REVISION HINTS FOR FIRST EXAM

[The exam will cover material from: Introduction to the course (in course outline); #1 Shotter; #2 Mills: #3 Scott & Lyman; #4 Garfinkel Ch.2; #5 Garfinkel Ch.3; #6 Goffman]

 

            Aim of the course: to notice thousand and one small details of IPC.

            Why?

            What are the two main (relational) characteristics of our talk?

            What are the two assumptions about talk that we shall relegate to second place in our ideas about its nature?

            Why study IPC, when we already know how to do it?

            Why is the 'inter' aspect of interpersonal communication so important for us?

            What is special about conversational realities?

            What do we create in our everyday conversation?

            Where do we find the ‘tools’ for our understanding of IPC?

            Do we easily understand each other?

            How do we achieve common understandings?

            What is special about “joint action”?

            What is special about “the interactive moment”?

            What is special about being in love? – think of all the relevant points.
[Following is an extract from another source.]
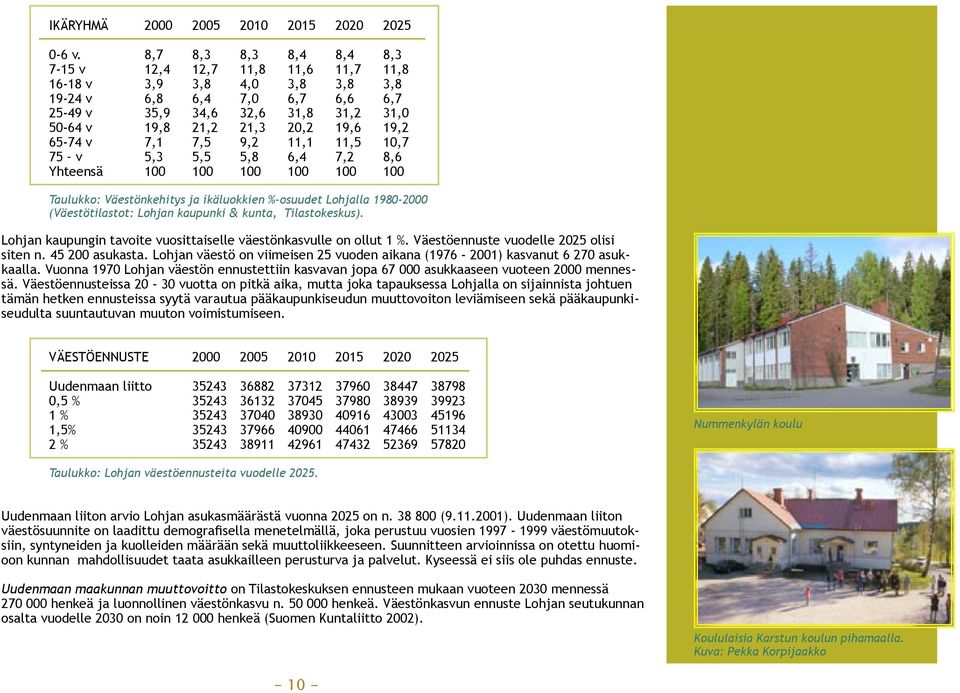 19,2 65-74 v 7,1 7,5 9,2 11,1 11,5 10,7 75 v 5,3 5,5 5,8 6,4 7,2 8,6 Yhteensä 100 100 100 100 100 100 Taulukko: Väestönkehitys ja ikäluokkien %-osuudet Lohjalla 1980-2000 (Väestötilastot: Lohjan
            What begins to happen when love ‘breaks down’?

            What is special about Mills’s (1940) approach to motive-talk?

            Why are “vocabularies of motive” situated?

            Where can we find the ultimate basis for making sense of ways of acting in our culture?

            How do parents bring their children up to be oriented toward the same motives as everyone else in their culture?

            When must we give an account of our actions?

            What do accounts do?

            Background expectations and anticipations.

            What is the difference between a justification and an excuse?

            Strategies for avoiding an account.

            Why is the negotiation of identities an issue here?

            Different speech communities.

            What is ethno-method-ology?

            Note the fluid, unsystematic nature of everyday conversation.

            Is it different from scientific talk?

            What are the five major findings from the Dana conversation?

            Are meanings ‘in’ words, or are words simply used in the making of meanings?

            What is the nature of “the matter talked about”?

            Is there a morality in everyday conversational exchanges? What is it?

            Background of “seen but unnoticed” features.

            Persons “require these properties as conditions under which they are entitled to conduct their affairs withour interference.” What properties?

            What happens when persons “breach” normal expectations in conversational exchanges?

            Why is common sense, i.e., shared, knowledge of social structures important in our everyday understanding of each other’s talk?

            How did Garfinkel catch “fact production in flight,” so to speak?

            What are the two main features of “the documentary method of interpretation”?

            Study all nine findings of the “pseudo counseling” experiment.

            Note at least one important conclusion from this ‘experiment’.